Disruptive secular impact of holy days

Discriminatory effect of holy day observance
Days of religious observance such as Sunday, the Sabbath, and religious holidays such as Christmas, Easter, Yom Kippur, Rosh Ha-Sha-nah, Passover, for different religions occurring in the same country may cause conflict, especially if one religion predominates and national holidays are based on the days of observance of that religion to the detriment of the others.
For centuries, legislation in Europe and in the USA has proscribed various sorts of work, recreation, or dissipation on Sunday. While the roots of such proscription lie in the upholding of religious beliefs, religions whose Holy Days do not lie on Sunday are discriminated against by such legislation. The religious motivations of holy day observance were enlarged upon when the rise of the labour movement during the 19th century added a sociological impetus as well.
For the Jewish religion, Saturday is the Shabbath, or day of rest, in which all activity ceases, including the closing of shops.
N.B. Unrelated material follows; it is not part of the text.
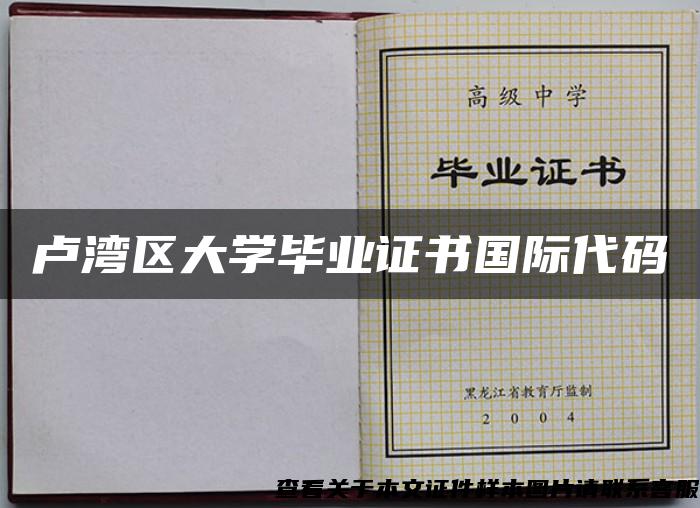 卢湾区大学毕业证书国际代码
For Jewish shop owners to be forced by governmental law to be closed on Sunday as well means they can operate only 5 out of 7 days a week, thus putting them at an obvious disadvantage to non-Jewish entrepreneurs who operate 6 days a week. In Christian countries there is social and commercial pressure to buy Christmas presents and to send Christmas cards, which may be done by non-Christians. In Christian countries, some Jewish communities provide services on Sunday as well as the Sabbath because of the practical impediments for some to observe the Sabbath.
Sunday laws unreasonably interfere with the liberty to conduct business and with freedom of religion.